RECORDS PROVIDED –
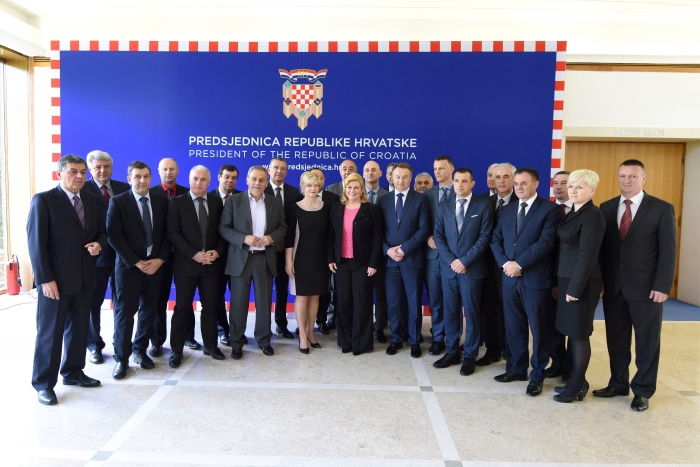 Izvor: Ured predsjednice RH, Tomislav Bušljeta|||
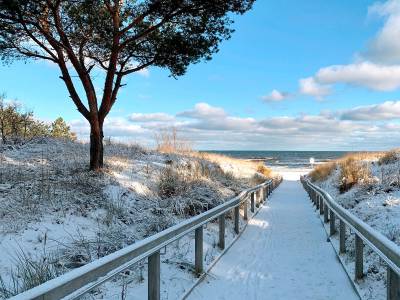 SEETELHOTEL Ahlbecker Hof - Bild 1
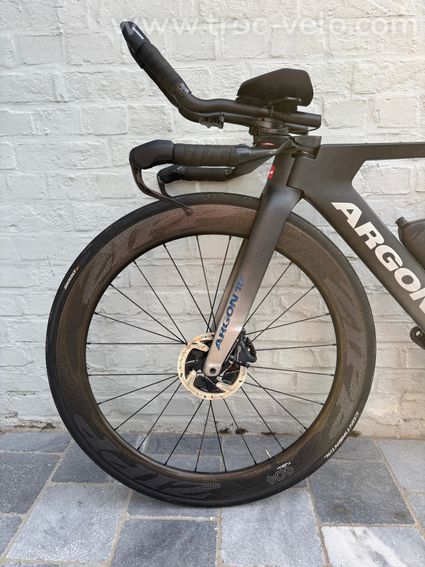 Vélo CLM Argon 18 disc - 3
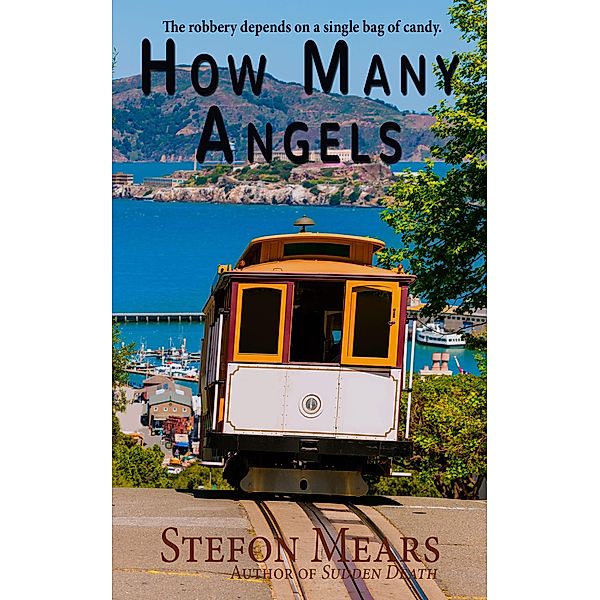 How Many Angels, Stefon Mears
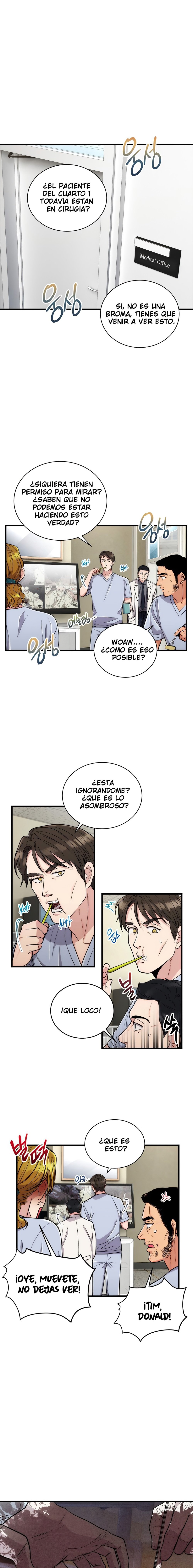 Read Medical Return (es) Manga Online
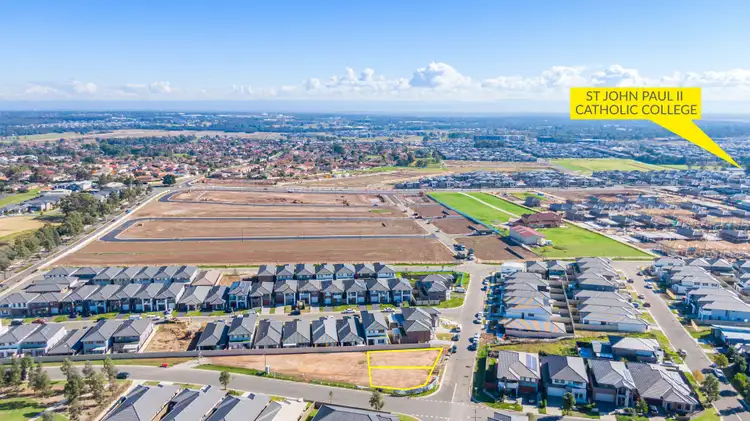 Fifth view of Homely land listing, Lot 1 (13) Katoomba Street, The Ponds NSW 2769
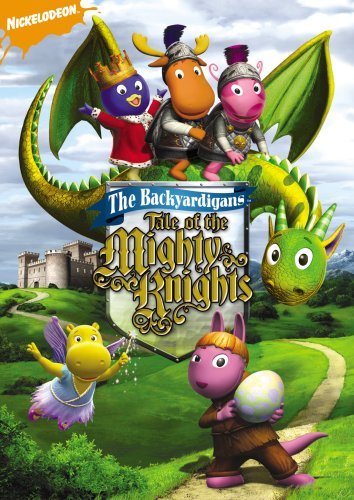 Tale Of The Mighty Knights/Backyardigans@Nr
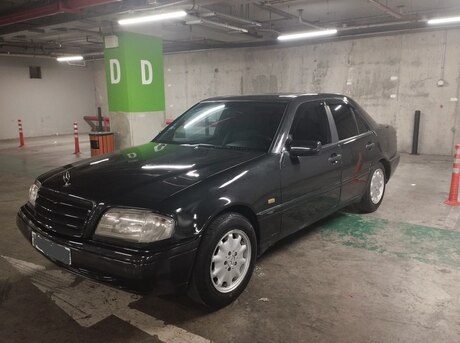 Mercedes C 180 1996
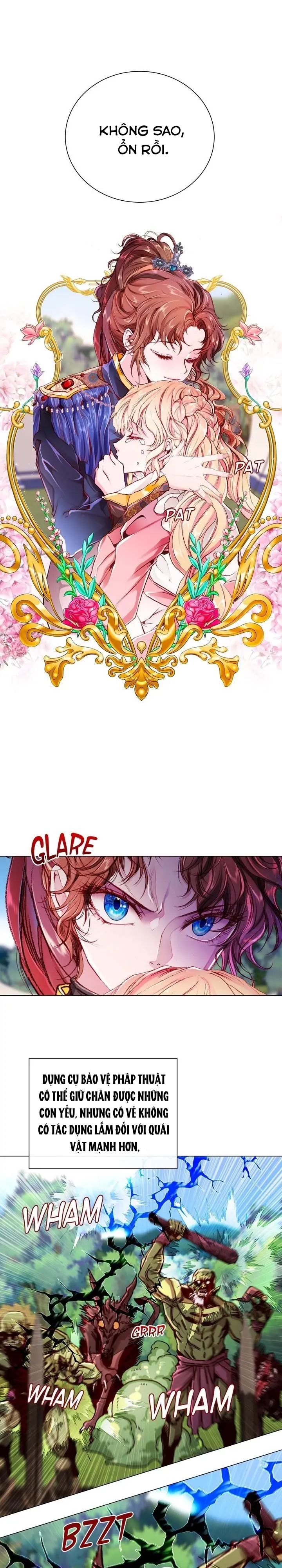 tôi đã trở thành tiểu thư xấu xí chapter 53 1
---
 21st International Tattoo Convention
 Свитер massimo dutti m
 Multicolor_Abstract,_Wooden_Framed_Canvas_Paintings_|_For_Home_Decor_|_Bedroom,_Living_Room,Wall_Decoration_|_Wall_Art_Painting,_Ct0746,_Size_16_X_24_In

WHAT YOU ARE ASKED TO DO –
The copy should hold exactly the lines above from the one with "Fifth view of" through the one with "tôi đã trở thành", both ends counted, and no pictures at all.

RESPONSE BOX –
 Fifth view of Homely land listing, Lot 1 (13) Katoomba Street, The Ponds NSW 2769
 Tale Of The Mighty Knights/Backyardigans@Nr
 Mercedes C 180 1996
 tôi đã trở thành tiểu thư xấu xí chapter 53 1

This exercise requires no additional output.